“Así ha dicho Jehová: El pueblo que escapó de la espada halló gracia en el desierto, cuando Israel iba en busca de reposo. Jehová se manifestó a mí hace ya mucho tiempo, diciendo: Con amor eterno te he amado; por tanto, te prolongué mi misericordia” (Jer. 31:2, 3).

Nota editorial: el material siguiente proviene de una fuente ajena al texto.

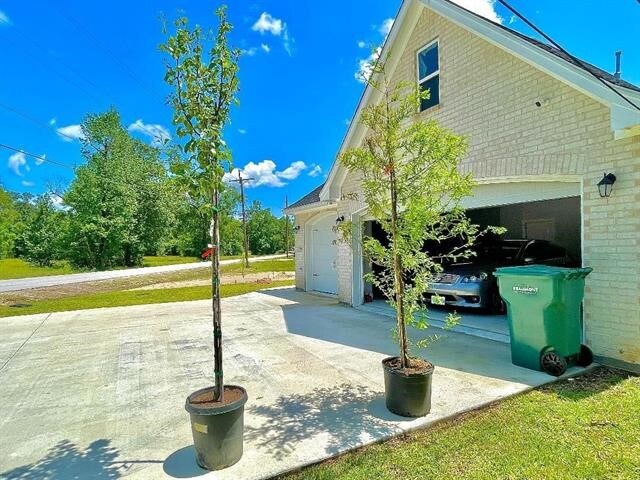 view of side of property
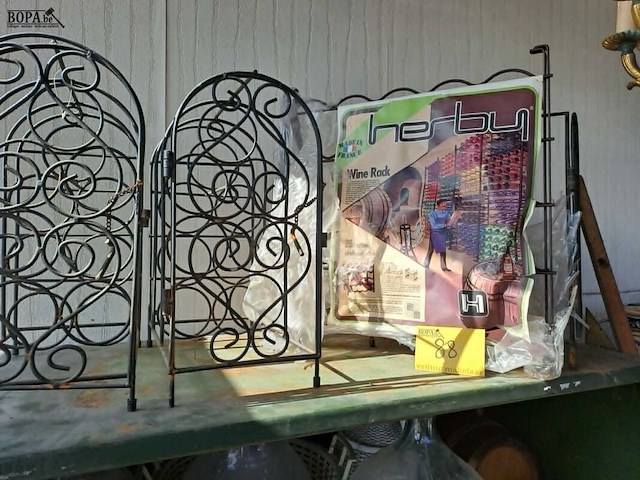 Lot 88 - vintage wijnrekken - afbeelding 1 van  4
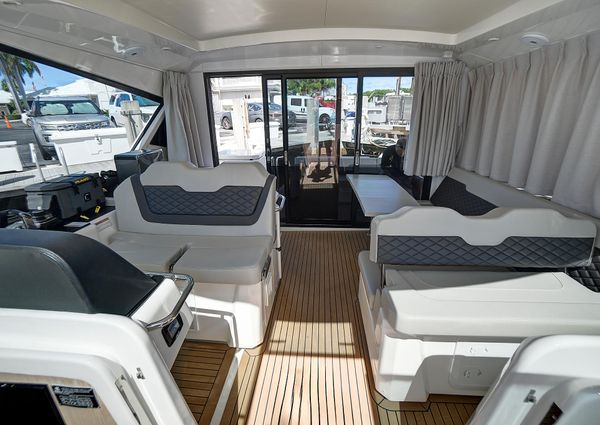 Aquila 36 Cruiser image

Alguien estará preguntando qué hace este resumen al final del libro de Jeremías. El capítulo anterior termina con las palabras: “Hasta aquí son las palabras de Jeremías” (Jer. 51:64). Lo que sigue es el trabajo de un editor. Cubre el periodo desde el comenzó del reinado de Sedequías hasta las tres deportaciones de los judíos y luego se traslada hasta Babilonia y relata que el nuevo emperador de este imperio sacó al rey Joaquín, el penúltimo rey de Judá, de la cárcel donde había pasado 37 años y le dio un lugar de honor en su mesa hasta que murió.

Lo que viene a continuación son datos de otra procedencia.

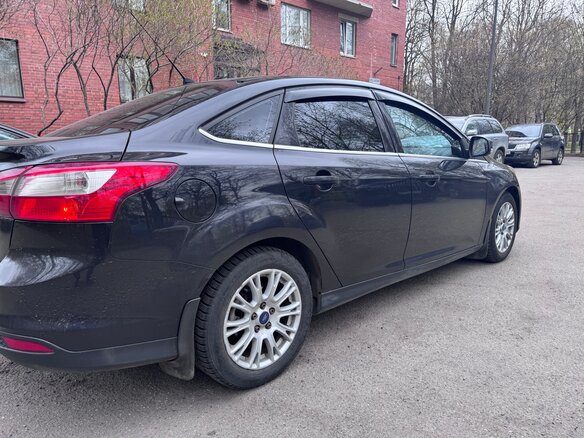 2013 Ford Focus III, чёрный, 715000 рублей - вид 2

Lo de las tres deportaciones es interesante: En el año 605 Daniel y un grupo selecto son deportados a Babilonia. En el año 597 el rey Joaquín, los hombres más hábiles y los tesoros del templo son deportados. En el año 582/1 se realizó la tercera deportación. Ya vemos que eran espaciadas. Se estima que fueron deportados 3.023 hombres adultos, o en total unas 18.000 personas.
¿Qué pasó a los judíos en Babilonia? Los libros de Ezequiel, Daniel y Ester lo relaten. Básicamente hicieron lo que Jeremías les mandó: “Edificad casas, plantad huertos, casaos, y engendrad hijos, y procurad la paz de la ciudad a la cual os hice transportar y rogad por ella a Jehová; porque en su paz tendréis vosotros paz” (Jer. 29:5-7). Esto hicieron y prosperaron. Para muchos, Babilonia llegó a ser su patria, pero otros todavía tuvieron el corazón en Israel, y eran ellos, o sus hijos, los que volvieron para reconstruir Jerusalén 70 años más tarde, unos 42.370 en total. “Toda la congregación , unida como un solo hombre, era de cuarenta y dos mil trescientos setenta, sin contar sus siervos, y siervas, los cuales eran siete mil trescientos treinta y siete; y tenían doscientos cantores y cantoras” (Esdras 2:64, 65). Estos números no son cifras aburridas; ¡son el milagro de la conservación de Dios!, hombres y mujeres valientes que dejaron todo cuanto tenían para volver a una tierra que nunca habían conocido, pues la mayoría nació en Babilonia, pero tal era su fe en Dios y su amor por Él, que abandonaron el único hogar que habían conocido para buscar a otro, una patria mejor, como hizo Abraham, y todo creyente desde entonces que peregrina hasta la Ciudad cuya Arquitecto y Constructor es Dios, una Patria eterna.
La historia de estos peregrinos y sus emocionantes logros la tenemos en los libros de Esdras y Nehemías. Con ellos, incluyendo a sus contemporáneos Hageo, Zacarías y Malaquías, termina el Antiguo Testamento. Sus descendentes eran los judíos que vivían en Israel cuando nació el Señor Jesús.
Este es el proyecto de Dios, el de edificar una nación santa, aunque tenga que pasar por una deportación para conseguirlo. Dios no acabó con Israel cuando la ciudad de Jerusalén fue arrasada, sino que la purificó en las llamas, y la restauró después del cautiverio. Envió al Mesías y añadió a los gentiles regenerados a este pueblo y lo seguirá santificando hasta que su Rey vuelva en gloria para reinar sobre el Trono de David, tal como profetizó Jeremías (Jer. 23:5, 6).